[OC] Vocabulary size at each English proficiency level

The data comes from a test I built that measures receptive vocabulary — the number of words a person recognizes (but may not necessarily use). It places everyone — from a student who has just started learning English to an educated native speaker — on the same scale. The units are word families (so limit, limited, and limitless count as a single unit). Users self-reported their CEFR levels.

It’s striking to see how much one has to learn to progress from level to level and potentially reach the native range.

Posted by RevolutionaryLove134

42 comments

thegodzilla25 says:

2025-12-09 at 21:21

Cool test! Took 2 mins and I learnt some things!
Zigxy says:

2025-12-09 at 21:23

I feel like part of the spread has to do with the original language of the user.

Someone who natively speaks a Germanic or Latin language is going to probably know quite a lot of Germanic and Latin words, respectively. Although their overall grasp of the language might not be great. Conversely someone from an unrelated language might need to have studied for a long time to match the vocab depth, but would have a much better grasp of other areas.
BiBoFieTo says:

2025-12-09 at 21:32

Took the test. It was really interesting. A few times it made me question my sanity because of the fake words.

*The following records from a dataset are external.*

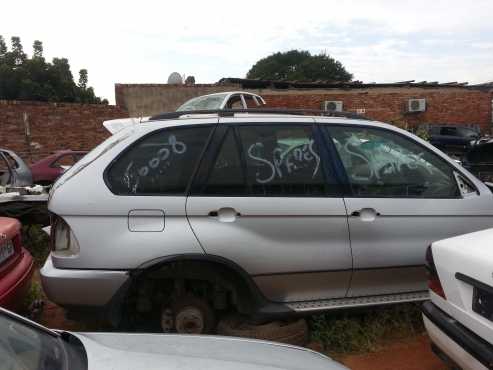 BMW x5 turbo diesel stripping for spares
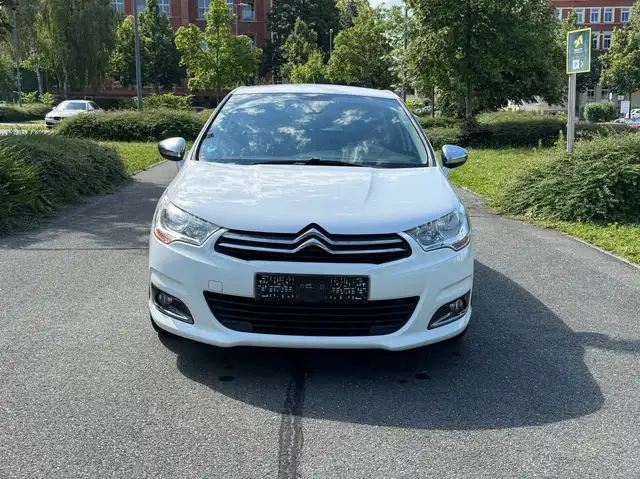 Citroen C4 view 2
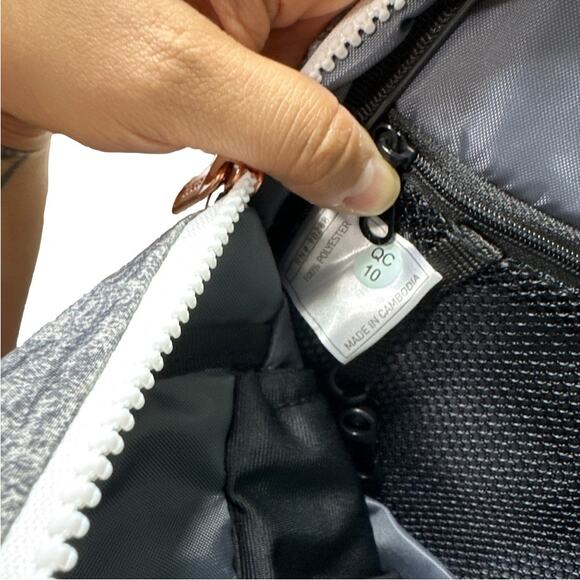 NWOT adidas Linear Mini Backpack Small Travel Bag - Picture 7 of 7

It correctly identified me as a native speaker.
DameKumquat says:

2025-12-09 at 21:35

Phew, I have native level English!

Nice test – will it be available in other languages?
QuantumIce8 says:

2025-12-09 at 21:35

Cool test and data! One observation: the output word count from the test is unreadable when on dark mode (Android, Firefox). The dark blue text is almost the same as the dark grey background
Few-Interview-1996 says:

2025-12-09 at 21:39

Re: Your test. Yes, I do know the meaning of the word enceinte. It just doesn’t happen to be English. :p
highlyeducated_idiot says:

2025-12-09 at 21:43

Excellent little app you have there. Good job!
PristineAnt9 says:

2025-12-09 at 21:44

Can you fix the German test? It always freezes on the last word and I desperately need to know how bad I am at German.

Also thank you, lots of fun!
samuelazers says:

2025-12-09 at 21:48

what if they have a native vocabulary but heavy accent or makes grammar mistakes?
makkerker says:

2025-12-09 at 21:50

It is not size that matters but how do you use it
zombiecalypse says:

2025-12-09 at 21:52

I’m glad I scored above the median (?) native speaker, because I’m pretty sure I’d do a lot worse in my native language
warnerbolanos says:

2025-12-09 at 21:54

The German test gets stuck on the last word.
Enuntiatrix says:

2025-12-09 at 21:56

https://preview.redd.it/5jehow00396g1.png?width=720&format=png&auto=webp&s=4c7ea0529b69d3186bdd745a271da090579ff4fc

Very nice. I’m a non-native speaker, but I started with English in school 20 years ago. Perhaps the only subject I ever needed IRL, to be honest.
PHealthy says:

2025-12-09 at 21:58

You should do this test but for risk literacy
akurgo says:

2025-12-09 at 22:03

The test is really well made. I’m C1 it seems. There are so many words that I’ve read and heard countless times, but don’t know the exact meaning of. For example, I will typically understand a sentence with words like “embellish” or “egregious” in it without really knowing the word, and so I don’t bother looking it up. Maybe I should bother.
tka4nik says:

2025-12-09 at 22:10

Nice work, and very cool test!

~~Someone already mentioned that for some languages, the last word (if the result is non-trivial, as in if you didn’t press all “don’t know”) freezes up and doesn’t show the results. Can confirm the bug for Russian as well~~

https://preview.redd.it/uacjw1ce596g1.png?width=715&format=png&auto=webp&s=572a9d9ad4423f45f30df3fdbf4cb0a7ce7817e0

Seems like you’ve already fixed the bug, good job!!
turb0_encapsulator says:

2025-12-09 at 22:14

Interesting. I am honestly surprised that the distribution curve isn’t larger for native speakers. Perhaps that means it isn’t so hard to raise someone’s reading level. I am at 90th percentile despite only knowing 23.5% more words than the average person.
n4s0 says:

2025-12-09 at 22:16

This is pretty cool. Thanks!
ChengliChengbao says:

2025-12-09 at 22:20

im a native speaker and i got C1

amazing
GreyGoblin says:

2025-12-09 at 22:28

God damn these stupid violin plots!

What exactly is the Y axis units between B1 & B2? What’s difference between green points above B1 and below that line.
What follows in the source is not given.